● GOAL OF THE EXERCISE: For the material below, return exactly the lines starting at the line containing "Brisé forma di cuore con fette di arancia" and ending at the line containing "Punit 22k Gold Plated Studs", both ends included, and no others.

● DATA:
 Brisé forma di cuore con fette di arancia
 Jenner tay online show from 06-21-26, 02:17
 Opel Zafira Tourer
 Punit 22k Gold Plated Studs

...

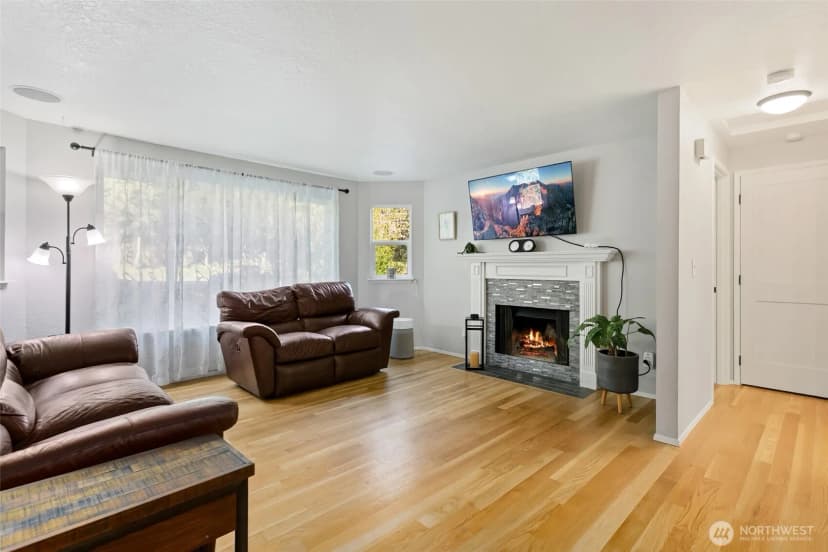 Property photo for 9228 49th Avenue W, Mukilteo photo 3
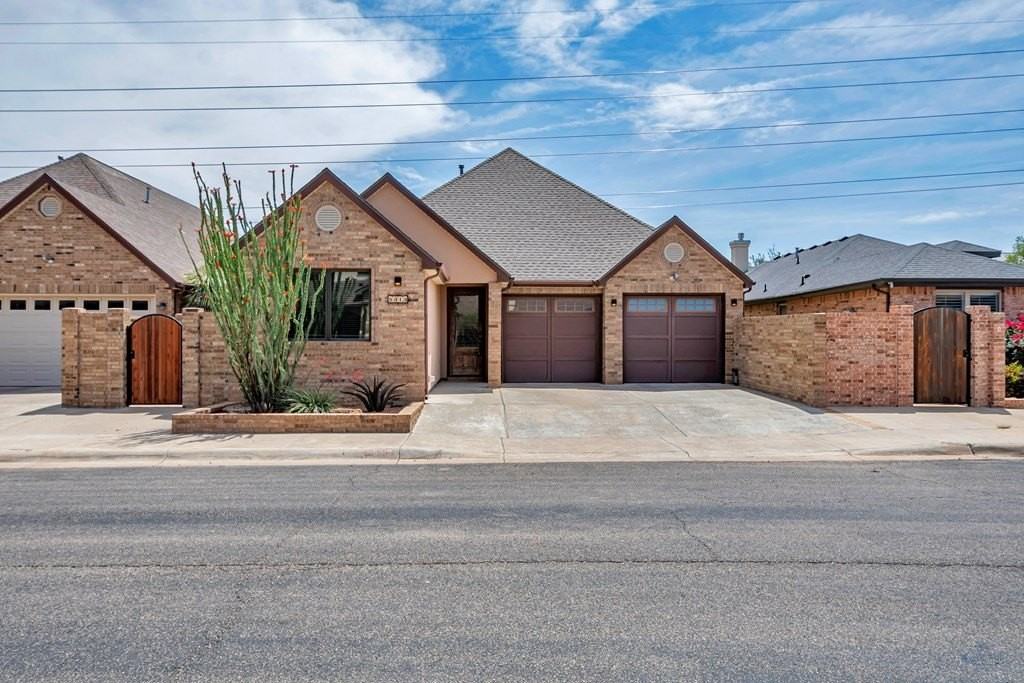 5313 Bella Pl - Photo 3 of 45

==

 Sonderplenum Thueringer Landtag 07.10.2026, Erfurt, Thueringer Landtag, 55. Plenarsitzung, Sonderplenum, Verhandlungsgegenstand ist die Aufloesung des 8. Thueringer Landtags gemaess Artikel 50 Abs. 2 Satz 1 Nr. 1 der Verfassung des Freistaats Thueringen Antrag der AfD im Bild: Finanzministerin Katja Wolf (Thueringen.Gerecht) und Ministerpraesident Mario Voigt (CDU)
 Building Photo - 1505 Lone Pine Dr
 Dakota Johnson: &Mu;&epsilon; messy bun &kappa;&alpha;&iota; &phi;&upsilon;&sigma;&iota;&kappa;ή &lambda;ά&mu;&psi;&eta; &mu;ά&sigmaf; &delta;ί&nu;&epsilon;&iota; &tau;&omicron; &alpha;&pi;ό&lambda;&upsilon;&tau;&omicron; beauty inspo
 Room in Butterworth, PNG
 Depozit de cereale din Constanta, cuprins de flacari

● OUTPUT OF THE EXERCISE:
 Brisé forma di cuore con fette di arancia
 Jenner tay online show from 06-21-26, 02:17
 Opel Zafira Tourer
 Punit 22k Gold Plated Studs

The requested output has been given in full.